PTY - PTY: The Risk Profile Still Makes Me Uneasy

2023-10-03 12:29:33 ET

Summary

  • I evaluate the PIMCO Corporate and Income Opportunity Fund as an investment option.
  • The fund's performance since my last review has been negative, and there are signs those losses could continue.
  • The high premium, poor distribution coverage, and weakening macro-environment for high-yield credit are all red flags.

Main Thesis & Background

The purpose of this article is to evaluate the PIMCO Corporate and Income Opportunity Fund ( PTY ) as an investment option at its current market price. The fund's objective is "to seek high current income, with capital preservation and capital appreciation as a secondary objective".

This is a fund I used to own but for years have avoided primarily because of the persistent high premium. Yet, I keep it on my radar anyway because I do enjoy high income streams where warranted. PTY in particular gets a lot of attention on Seeking Alpha and - quite frankly - has a fairly loyal and passionate fan base!
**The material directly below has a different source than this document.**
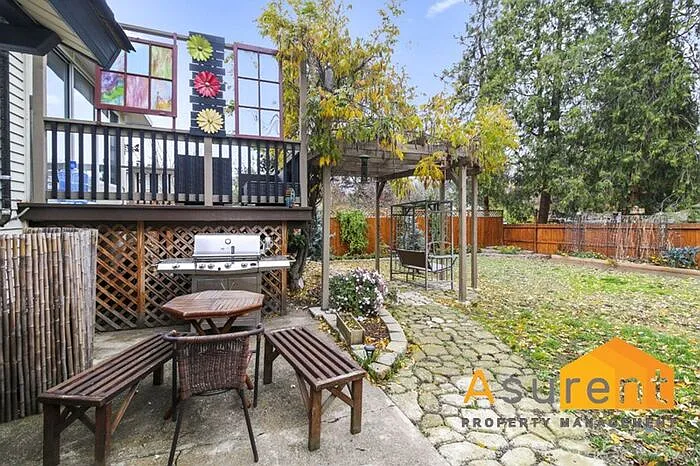 270 Morton St — Photo 17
Due to that, whenever a review that comes out that isn't "bullish", it can garner some criticism. Yet, in the four months since my last "hold" rating on this CEF, it is clear that my caution was the correct assessment after all:

Fund Performance (Seeking Alpha)

Given the loss that has occurred, I thought it would be timely to take another look at PTY to see if anything has changed enough for me to upgrade my rating. After consideration, I still see too much inherent risk in this product to recommend it at this time. I will explain why in detail below.

Valuation Backdrop - Nothing's Really Changed

As usual I will begin my discussion on PTY with a focus on valuation. At this point, my followers should be well aware of where I stand with respect to this metric. So I will keep it short - but it is fundamentally important enough that it warrants highlighting in this review no matter what.

The primary concern is that PTY is expensive. Back in June this fund sat with a premium in excess of 23%. This is too rich for my blood, and is central to why I recommended avoiding new positions. Fast forward to today, and the backdrop is essentially the same. PTY has offered investors next to nothing in returns and the excessive premium to NAV remains in place:

Premium Price (PIMCO)

The short of it is that this fund remains at an inherently high risk of a draw-down or correction. A premium in excess of 20% in this environment is a recipe for disaster, quite frankly. It is difficult to see a buy case here and - if one does see it - I would simply disagree. There isn't much else for me to say beyond the fact that this fund is wildly expensive and cheaper options exist - even within the PIMCO family and with similar yields. For this reason alone, an upgrade to "buy" would be a difficult argument to make.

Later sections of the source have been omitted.